* **Exercise**: The line containing "Casa para Venda" and each line after it, through the final line of the data, are to be retyped exactly, with pictures left out.

------------

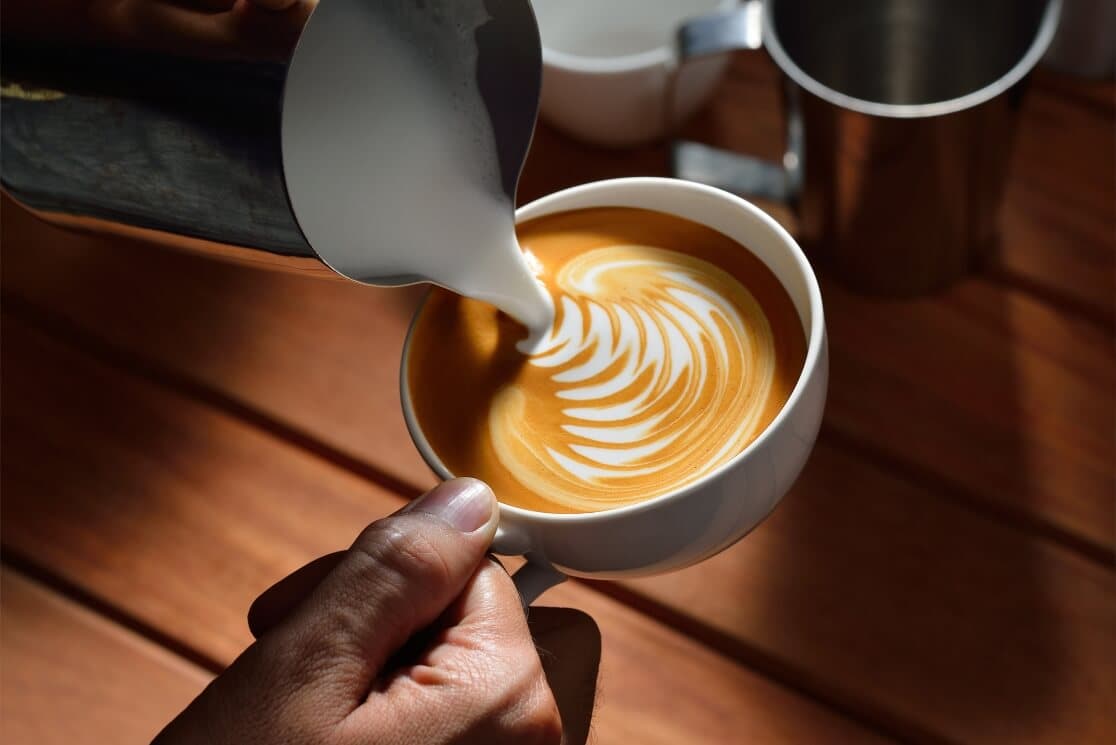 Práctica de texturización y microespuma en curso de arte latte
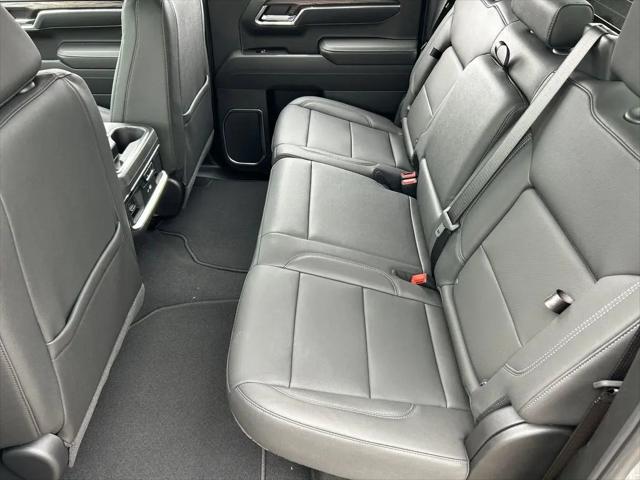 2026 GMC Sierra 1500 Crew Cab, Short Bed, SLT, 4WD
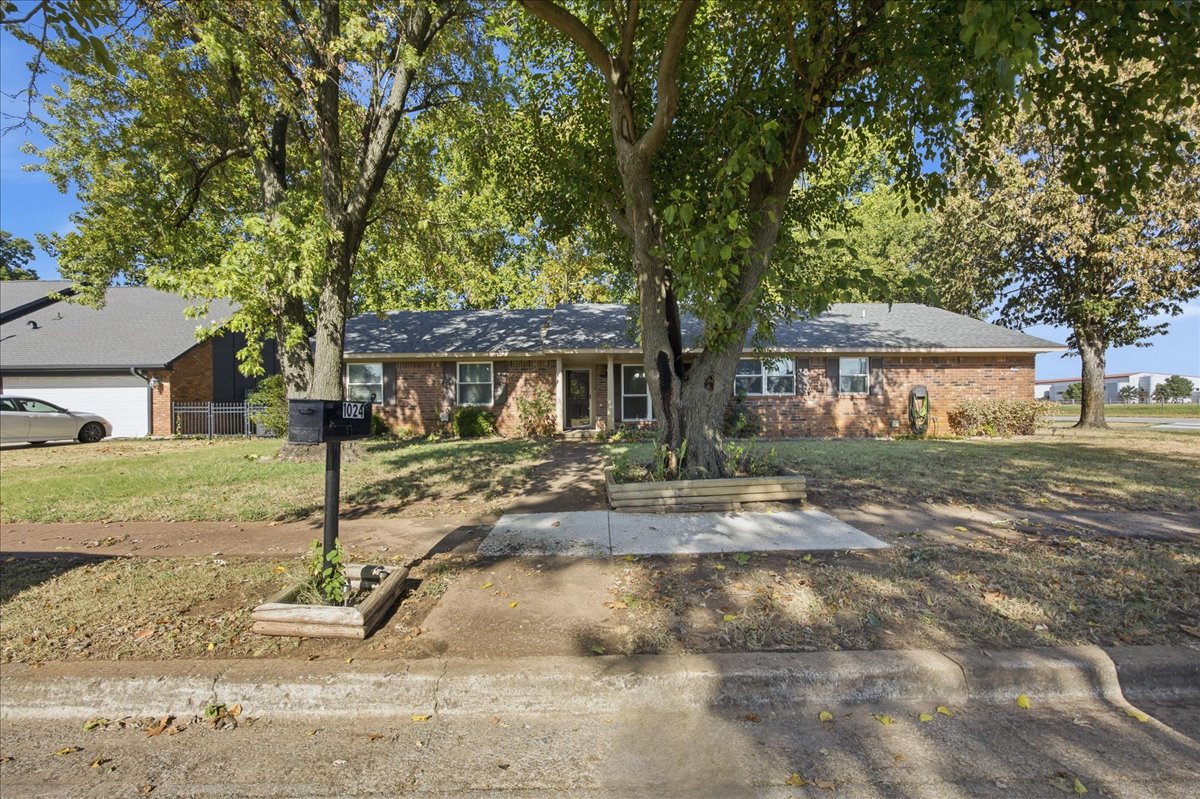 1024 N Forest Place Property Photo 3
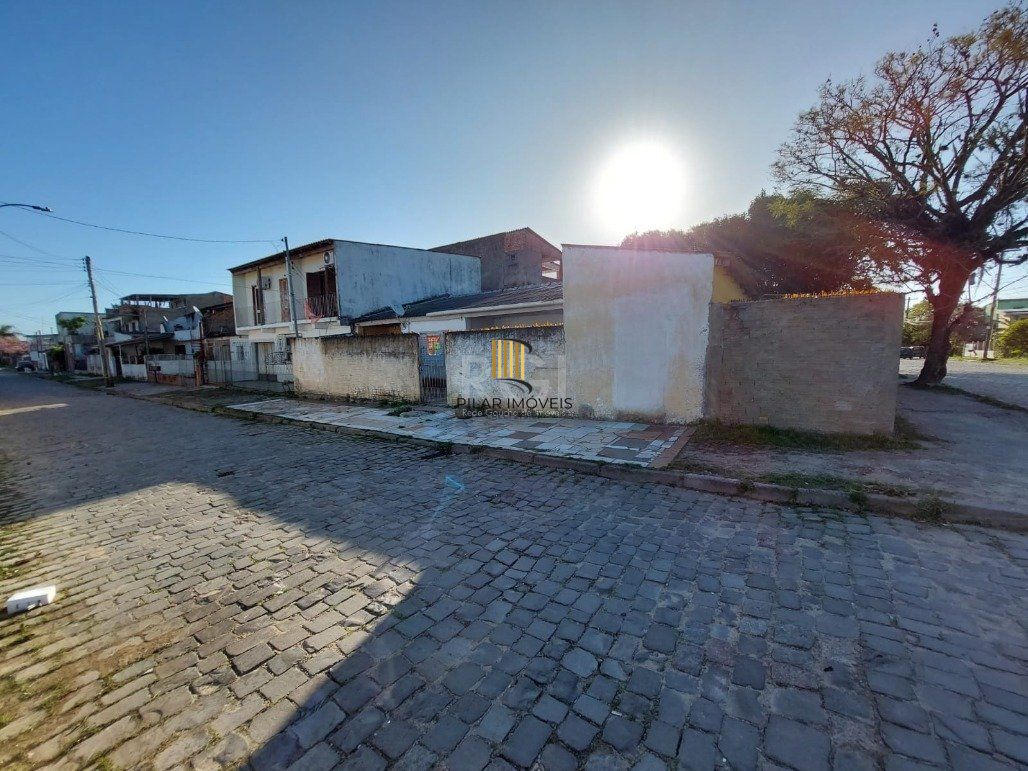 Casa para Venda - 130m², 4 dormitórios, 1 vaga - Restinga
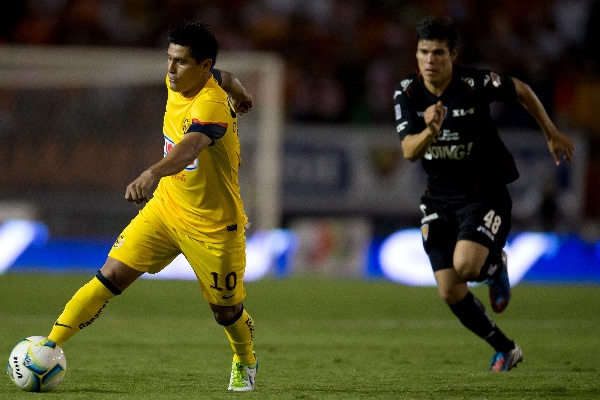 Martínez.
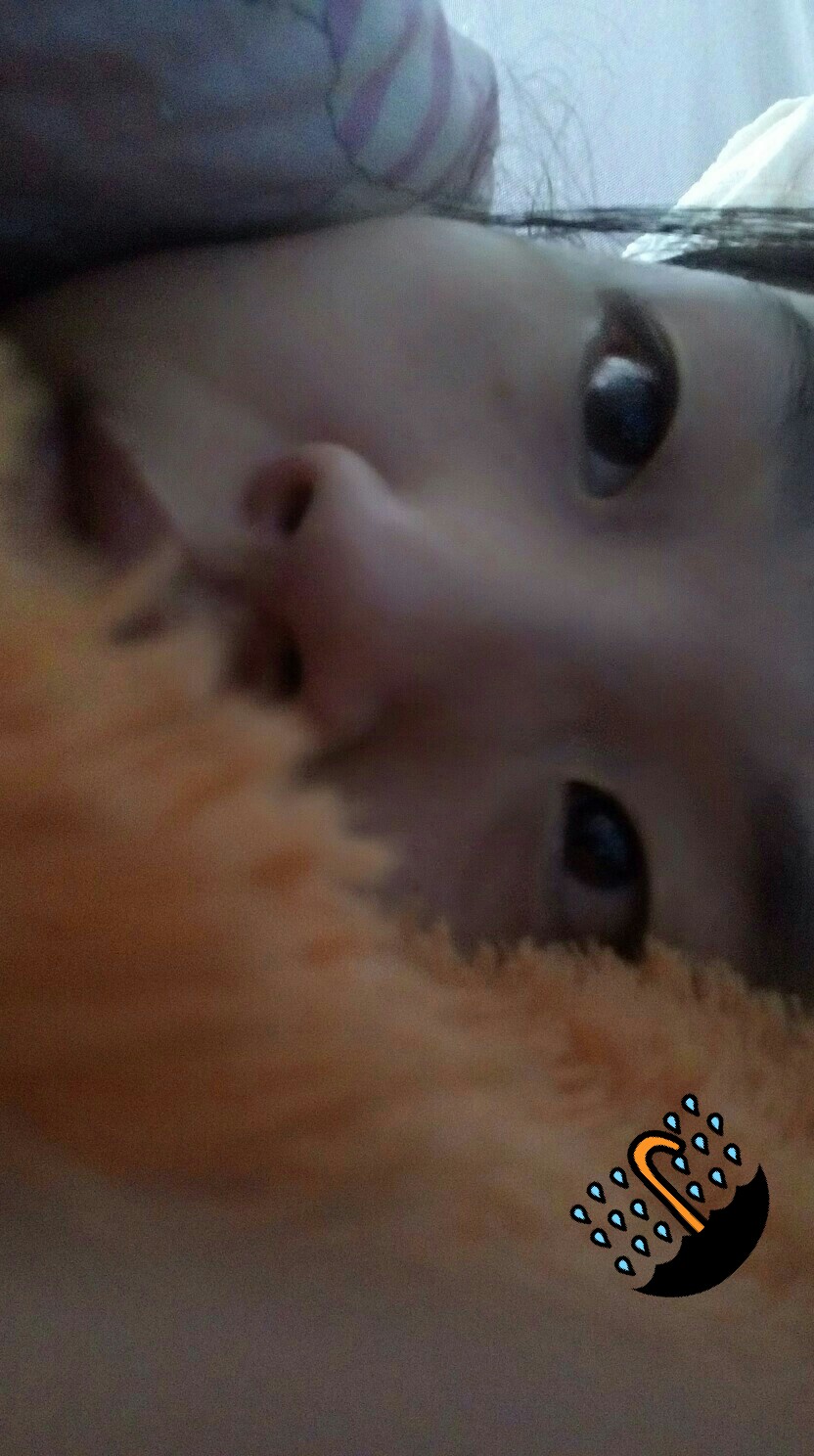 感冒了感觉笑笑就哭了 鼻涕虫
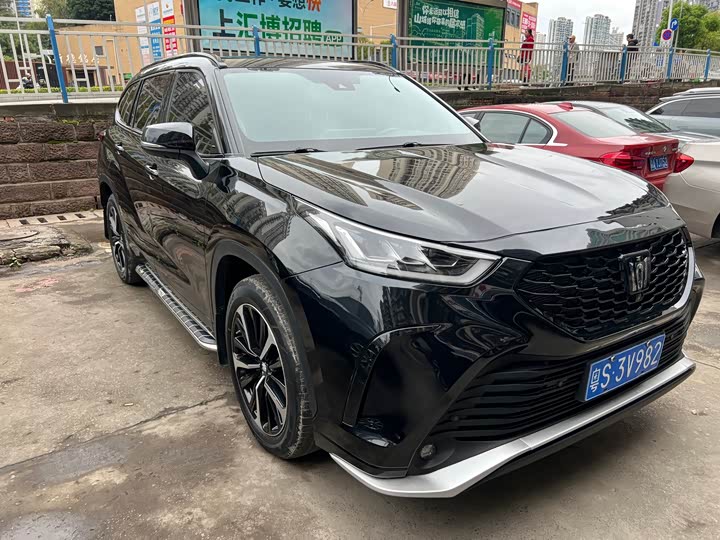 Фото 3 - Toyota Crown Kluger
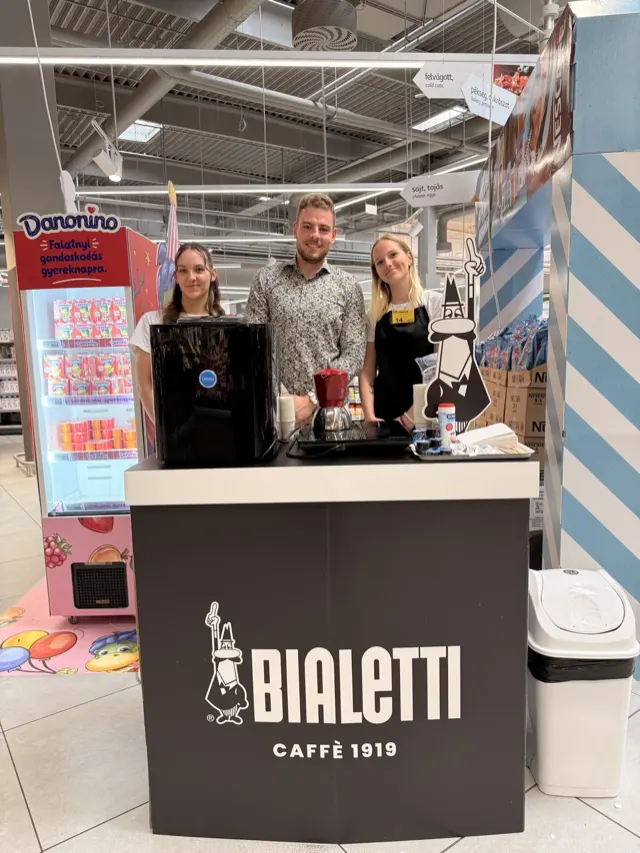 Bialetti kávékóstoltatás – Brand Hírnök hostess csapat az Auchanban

------------

* **Solution to this task**:
 Casa para Venda - 130m², 4 dormitórios, 1 vaga - Restinga
 Martínez.
 感冒了感觉笑笑就哭了 鼻涕虫
 Фото 3 - Toyota Crown Kluger
 Bialetti kávékóstoltatás – Brand Hírnök hostess csapat az Auchanban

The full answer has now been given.